- [ACTIVITY]:
Look through the entries below for the string "bright", and copy each line where it is found.

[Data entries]

○ ○ ○ ○ ○

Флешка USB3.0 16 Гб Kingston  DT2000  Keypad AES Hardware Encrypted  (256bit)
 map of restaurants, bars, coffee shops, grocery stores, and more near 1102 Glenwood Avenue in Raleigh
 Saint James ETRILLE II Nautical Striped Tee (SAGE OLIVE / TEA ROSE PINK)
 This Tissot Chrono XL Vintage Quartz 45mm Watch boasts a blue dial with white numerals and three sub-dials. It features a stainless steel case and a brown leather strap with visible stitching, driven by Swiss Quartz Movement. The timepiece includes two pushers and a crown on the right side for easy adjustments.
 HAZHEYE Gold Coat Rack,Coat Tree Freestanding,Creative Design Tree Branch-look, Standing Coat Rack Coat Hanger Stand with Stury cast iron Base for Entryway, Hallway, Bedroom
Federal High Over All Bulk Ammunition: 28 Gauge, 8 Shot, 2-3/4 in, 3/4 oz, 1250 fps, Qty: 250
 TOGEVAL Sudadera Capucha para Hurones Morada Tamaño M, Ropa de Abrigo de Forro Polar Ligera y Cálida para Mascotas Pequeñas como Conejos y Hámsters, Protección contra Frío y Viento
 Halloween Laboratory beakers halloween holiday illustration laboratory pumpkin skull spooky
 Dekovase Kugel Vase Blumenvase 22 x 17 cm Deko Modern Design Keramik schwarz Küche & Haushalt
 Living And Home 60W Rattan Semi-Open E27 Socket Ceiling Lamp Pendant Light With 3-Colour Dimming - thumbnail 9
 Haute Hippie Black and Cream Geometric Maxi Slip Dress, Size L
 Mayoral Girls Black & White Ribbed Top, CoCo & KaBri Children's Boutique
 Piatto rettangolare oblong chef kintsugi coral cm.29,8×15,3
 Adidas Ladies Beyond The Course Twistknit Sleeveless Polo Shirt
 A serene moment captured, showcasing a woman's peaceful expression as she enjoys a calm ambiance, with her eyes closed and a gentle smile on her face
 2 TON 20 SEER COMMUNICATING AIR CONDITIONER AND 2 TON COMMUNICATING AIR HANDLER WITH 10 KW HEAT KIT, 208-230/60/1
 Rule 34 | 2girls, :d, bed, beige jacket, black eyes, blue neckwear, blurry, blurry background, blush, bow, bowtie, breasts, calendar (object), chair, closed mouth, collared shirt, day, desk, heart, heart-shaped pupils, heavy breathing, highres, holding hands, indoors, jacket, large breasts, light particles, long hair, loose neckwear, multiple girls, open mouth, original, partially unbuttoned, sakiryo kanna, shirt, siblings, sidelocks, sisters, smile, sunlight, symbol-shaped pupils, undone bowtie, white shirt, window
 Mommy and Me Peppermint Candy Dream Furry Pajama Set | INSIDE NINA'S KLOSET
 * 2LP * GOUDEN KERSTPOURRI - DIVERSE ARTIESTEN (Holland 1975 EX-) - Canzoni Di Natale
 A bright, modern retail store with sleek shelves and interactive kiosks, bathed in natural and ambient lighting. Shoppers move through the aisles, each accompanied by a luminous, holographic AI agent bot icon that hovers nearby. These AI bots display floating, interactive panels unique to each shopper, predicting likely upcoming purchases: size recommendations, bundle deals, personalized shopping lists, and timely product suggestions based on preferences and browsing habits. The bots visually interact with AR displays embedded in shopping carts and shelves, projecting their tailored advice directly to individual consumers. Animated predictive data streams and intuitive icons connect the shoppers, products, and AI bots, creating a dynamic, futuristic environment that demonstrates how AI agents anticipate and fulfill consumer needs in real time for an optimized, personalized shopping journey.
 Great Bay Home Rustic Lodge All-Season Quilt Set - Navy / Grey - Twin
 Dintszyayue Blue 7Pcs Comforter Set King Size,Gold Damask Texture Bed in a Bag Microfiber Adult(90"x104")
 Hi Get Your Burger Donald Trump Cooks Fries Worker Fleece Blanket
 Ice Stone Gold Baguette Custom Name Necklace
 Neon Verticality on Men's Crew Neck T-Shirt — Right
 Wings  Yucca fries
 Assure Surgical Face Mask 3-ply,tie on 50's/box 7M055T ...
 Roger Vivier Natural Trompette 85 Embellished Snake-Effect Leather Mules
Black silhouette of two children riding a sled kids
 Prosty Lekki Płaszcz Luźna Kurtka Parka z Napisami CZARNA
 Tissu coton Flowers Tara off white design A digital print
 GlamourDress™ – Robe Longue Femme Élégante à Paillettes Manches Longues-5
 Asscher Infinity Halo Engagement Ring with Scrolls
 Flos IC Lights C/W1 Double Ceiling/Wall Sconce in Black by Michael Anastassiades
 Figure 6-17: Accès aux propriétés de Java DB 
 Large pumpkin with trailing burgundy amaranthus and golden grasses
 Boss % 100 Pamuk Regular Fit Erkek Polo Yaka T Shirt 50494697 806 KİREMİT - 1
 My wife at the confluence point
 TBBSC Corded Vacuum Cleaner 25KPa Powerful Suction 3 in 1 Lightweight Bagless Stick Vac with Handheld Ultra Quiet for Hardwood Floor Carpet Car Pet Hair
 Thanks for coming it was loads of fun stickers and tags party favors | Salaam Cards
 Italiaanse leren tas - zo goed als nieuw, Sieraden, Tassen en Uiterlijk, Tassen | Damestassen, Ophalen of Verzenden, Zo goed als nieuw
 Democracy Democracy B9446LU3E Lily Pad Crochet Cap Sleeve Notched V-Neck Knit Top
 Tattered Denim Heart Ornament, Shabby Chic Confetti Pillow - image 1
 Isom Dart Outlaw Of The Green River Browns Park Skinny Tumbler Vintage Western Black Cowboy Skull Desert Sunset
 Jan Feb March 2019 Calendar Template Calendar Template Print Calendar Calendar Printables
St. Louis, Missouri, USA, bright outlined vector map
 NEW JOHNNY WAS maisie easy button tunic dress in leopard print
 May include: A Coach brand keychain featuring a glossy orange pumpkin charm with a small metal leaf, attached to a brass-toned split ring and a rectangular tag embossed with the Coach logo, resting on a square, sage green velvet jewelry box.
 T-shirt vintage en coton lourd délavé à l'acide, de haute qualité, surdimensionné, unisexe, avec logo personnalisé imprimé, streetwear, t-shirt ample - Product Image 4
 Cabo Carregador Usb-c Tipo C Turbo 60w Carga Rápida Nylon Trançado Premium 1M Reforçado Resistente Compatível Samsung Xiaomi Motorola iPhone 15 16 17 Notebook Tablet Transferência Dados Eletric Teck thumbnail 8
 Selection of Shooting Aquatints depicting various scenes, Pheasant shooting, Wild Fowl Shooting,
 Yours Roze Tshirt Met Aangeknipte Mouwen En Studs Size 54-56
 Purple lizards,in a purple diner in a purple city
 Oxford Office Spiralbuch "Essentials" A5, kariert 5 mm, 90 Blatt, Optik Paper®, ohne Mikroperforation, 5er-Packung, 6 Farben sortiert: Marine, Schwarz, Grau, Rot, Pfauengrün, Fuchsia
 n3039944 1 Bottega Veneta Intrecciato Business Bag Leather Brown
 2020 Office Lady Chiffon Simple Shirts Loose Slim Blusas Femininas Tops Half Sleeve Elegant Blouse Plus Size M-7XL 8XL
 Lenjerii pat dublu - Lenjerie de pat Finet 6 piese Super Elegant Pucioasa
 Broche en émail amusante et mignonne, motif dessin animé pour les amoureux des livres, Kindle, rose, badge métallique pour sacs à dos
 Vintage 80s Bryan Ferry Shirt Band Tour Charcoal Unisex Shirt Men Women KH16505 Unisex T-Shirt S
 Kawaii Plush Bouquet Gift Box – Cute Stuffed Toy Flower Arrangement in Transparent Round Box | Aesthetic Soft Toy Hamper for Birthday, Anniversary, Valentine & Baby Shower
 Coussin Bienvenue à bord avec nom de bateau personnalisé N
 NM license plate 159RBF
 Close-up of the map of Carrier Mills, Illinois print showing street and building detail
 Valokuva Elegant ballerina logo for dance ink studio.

○ ○ ○ ○ ○

- [REPLY]:
 A bright, modern retail store with sleek shelves and interactive kiosks, bathed in natural and ambient lighting. Shoppers move through the aisles, each accompanied by a luminous, holographic AI agent bot icon that hovers nearby. These AI bots display floating, interactive panels unique to each shopper, predicting likely upcoming purchases: size recommendations, bundle deals, personalized shopping lists, and timely product suggestions based on preferences and browsing habits. The bots visually interact with AR displays embedded in shopping carts and shelves, projecting their tailored advice directly to individual consumers. Animated predictive data streams and intuitive icons connect the shoppers, products, and AI bots, creating a dynamic, futuristic environment that demonstrates how AI agents anticipate and fulfill consumer needs in real time for an optimized, personalized shopping journey.
St. Louis, Missouri, USA, bright outlined vector map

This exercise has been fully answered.